The shares in the Offering were priced at NOK 28 per share. In the Offering, Elopak will issue 18,135,174 new shares (the "New Shares") and Ferd AS will sell 91,000,000 existing shares (the "Sale Shares") (which includes 15 million additional shares pursuant to the upsize option). The Managers (as defined below) have over-allotted 14,120,357 shares in the Offering, equal to approximately 15% of New Shares and Sale Shares (but not including additional shares sold pursuant to the upsize option).

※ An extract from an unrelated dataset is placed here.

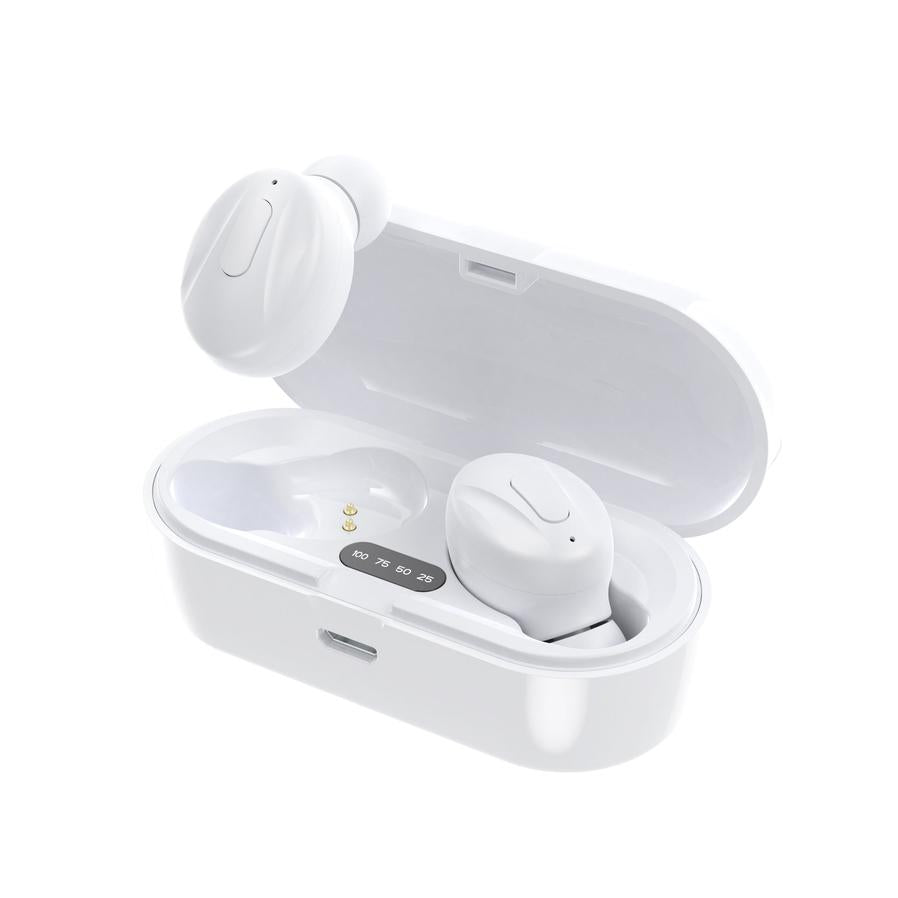 KTX-461331 Wireless In-Ear Bluetooth Headphones with LED Digital Display - Black/White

Trading in the shares of Elopak on the Oslo Stock Exchange will commence on a conditional basis today, on 17 June 2021, while unconditional trading in the shares is expected to commence on 21 June 2021. In the period from and including 17 June 2021 to and including 18 June 2021 at 17:00 hours (CEST), all trading in the shares of Elopak will be conditional upon (i) the force majeure events listed below not occurring and (ii) no termination of the underwriting agreement upon a default by a Manager or several Managers as described below.

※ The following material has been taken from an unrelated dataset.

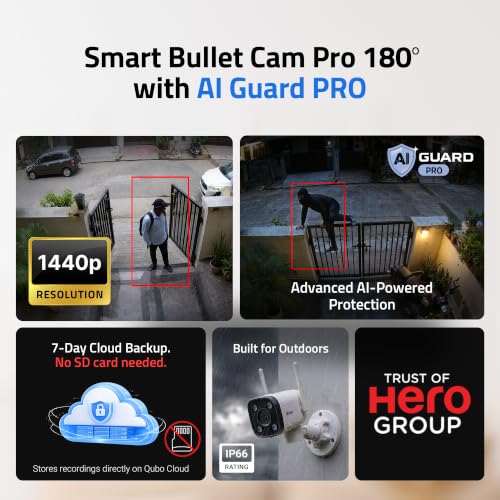 Image of Qubo Smart Bullet Cam Pro 180 4MP (Pack of 2) | No SD Card Required, Records Directly on Cloud | AI Guard Pro 12-Month Plan (Cloud Backup Included) | Automatic Alarm & Spotlight | IP66 Rating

The Joint Global Coordinators, on behalf of the Managers, have the right to terminate the underwriting agreement on the basis of force majeure if any of the following events occur prior to 17:00 hours (CEST) on 18 June 2021:
(i) a suspension or material limitation in trading in securities generally on the Oslo Stock Exchange, the New York Stock Exchange, the NASDAQ Global Market or the London Stock Exchange;
(ii) a general moratorium on commercial banking activities declared by the federal, state or local regulatory authorities of Norway, the United Kingdom, France, Germany or the United States, or a material disruption in commercial banking or securities settlement or clearance services in Norway, the United Kingdom, France, Germany or the United States;
(iii) an outbreak or escalation of hostilities or acts of terrorism involving Norway, the United Kingdom, France, Germany or the United States or a declaration by Norway, the United Kingdom, France, Germany or the United States of a national emergency or war; or
(iv) any other calamity or crisis or any material adverse change in financial, political or economic conditions in Norway, the United Kingdom, France, Germany or the United States,
if the effect of any such event specified in clauses (i) through (iv) above makes it impossible, in the judgment of the Joint Global Coordinators acting jointly in good faith after consultation with the Company and Ferd, taking into account general market conditions as a result of such events and the interest of investors in the offer shares, to proceed with the marketing, sale or delivery of the offer shares on the terms and in the manner contemplated in the prospectus.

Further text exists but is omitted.